Hálá soruyor musunuz?

TARHAN Erdem bir kere daha tıraşımızı gözümüzün önüne döktü. Milliyet Gazetesi’nde ilk iki bölümü düne kadar yayımlanan "Gündelik Yaşamda Din, Laiklik ve Türban" konulu araştırma Adalet ve Kalkınma Partisi (AKP) iktidarının laik Türkiye’yi getirdiği noktayı rakamlarla, grafiklerle ortaya koymakla kalmadı.

Birkaç ay önce "Türkiye Malezya olur mu?" diye tartışanlara, "Malezya olmamıza ramak kaldığını" söyledi.

Şimdi isterseniz "Bu gidişle İran olur muyuz konusunu" tartışalım.

Öyle ya... Tarhan Erdem ve ekibi tarafından aynı konuda yapılan araştırmaya göre "başını -türban, başörtüsü, yemeni yahut çarşafla- örtenlerin toplam nüfustaki oranı Mayıs 2003’te yüzde 64.2 iken, Eylül 2007’de yüzde 69.4’e çıktı."

Geleneklerine bağlı kadınlarımızın başını, başörtüsü, yemeni hatta çok muhafazakar çevredekilerin çarşafla örttüğü bilindiği için bunları önemsemeyebilirsiniz. Oysa "siyasal simge" niteliği taşıdığı "yargı kararıyla" kesinleşen "türban"daki değişim önemlidir.
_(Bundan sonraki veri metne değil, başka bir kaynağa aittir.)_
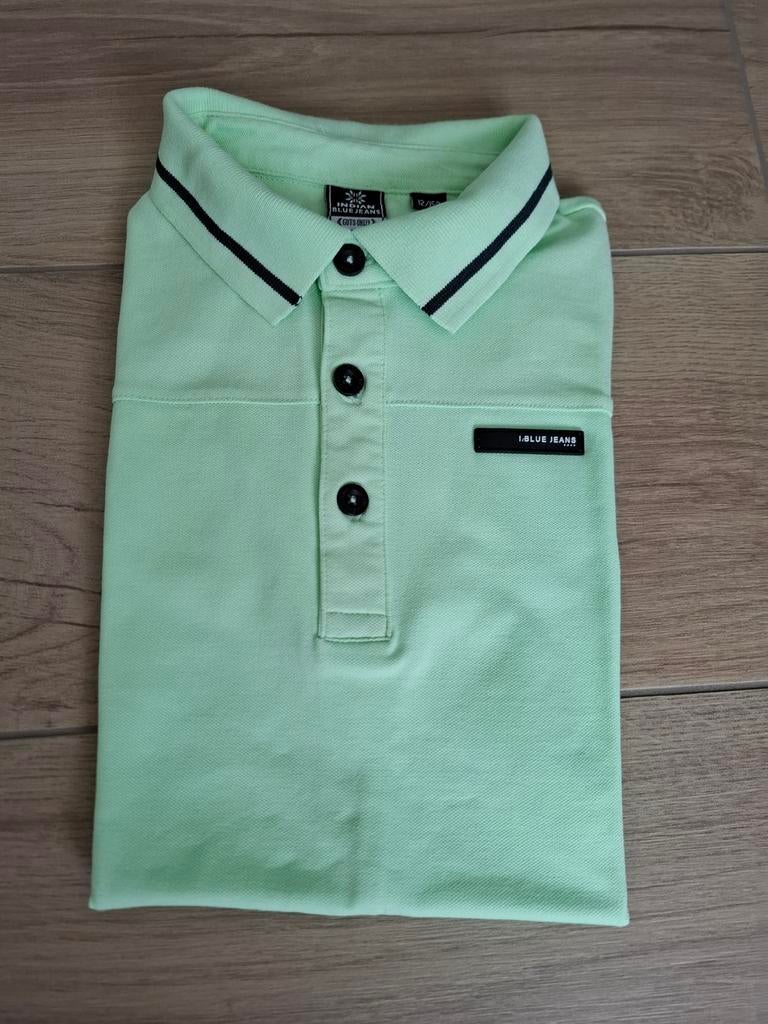 Polo Indian blue jeans maat 152 ( licht groen), Ophalen of Verzenden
Erdem ve ekibi, 4 yıl önceki araştırmaya göre başını "türbanla" örtenlerin oranı yüzde 3.5 iken şimdi bu oranın yüzde 16.2’ye çıktığını yani yaklaşık 5 (tam olarak 4.7) misli arttığını söylüyor.

Biz sözün burasında dikkatinizi çekelim:

Erdem ve ekibi araştırmayı yaparken en düşük "18-28 yaş grubunu" esas almış.

Son günlerde gazetelerde haber konusu olan bir hanım kız vardı. Anımsayacaksınız... Adana’nın Kozan İlçesi’nde bir ödül almak için başı türbanlı olarak sahneye çıkınca azarlanıp gururuyla oynanan Tevhide Kütük’ten söz ediyoruz.

Peki Tevhide Kütük kaç yaşındaydı dersiniz?

Biz söyleyelim, en çok 16, bilemediniz 17... Dahası, bu çocuk Kozan İmam Hatip Lisesi 11’inci sınıf öğrencisiydi.

Yasalarımız
tüm ilk ve orta öğretim kurumlarında "türbanı" yasaklıyor değil mi?

Hadi çocuğun gururuyla oynanmasını eleştirelim. Peki ama bu ülkenin Başbakanı, sırf türbanlı olduğu için Tevhide’yi telefonla arayıp "Evladım, bu haksızlıklar bir gün bitecek" derse, "türban" ve türbanlı sayısı artar mı, azalır mı?

Başbakan Erdoğan, Tevhide’ye karşı kaba davranan kaymakam ile jandarma komutanını arattırıp "Yaptığınız kabalıktır ama yasaları koruduğunuz için size teşekkür ederim" demez, diyemez miydi?

Demez, diyemez. Çünkü o yasalardan değil türbandan yana bir kişidir.

Nitekim aynı şekilde Rize’nin Kalkandere İlçesi İmam Hatip Lisesi’nde 16 yaşındaki Emine Elif Azder’e, "Evladım, başındaki türbanı çıkar da Valilikteki ödül törenine öyle gel" diyen okul müdürü şimdi cezalandırılmayı bekliyor. Çünkü Başbakan Erdoğan bu defa da Emine’nin babası Mustafa Azder’i arayarak, "konuyla ilgileneceği" müjdesini verdi.

Peki aynı Başbakan -hani hepimize karşı eşit davranacaktı ya, o Başbakan’dan söz ediyoruz- Amasya Anadolu Kız Meslek Lisesi’nden kendilerine "namaz kılmaları ve kapanmaları" yönünde baskı yapıldığı için okullarını değiştirmeye mecbur kalan 4 kız öğrenciye neden telefon edip "Müsterih olun çocuklar. Size baskı yapılmasına izin vermem. Yanınızdayım" demedi?

Tarafsız olduğu, laik rejimi koruduğu, yasalara saygılı olduğu için mi?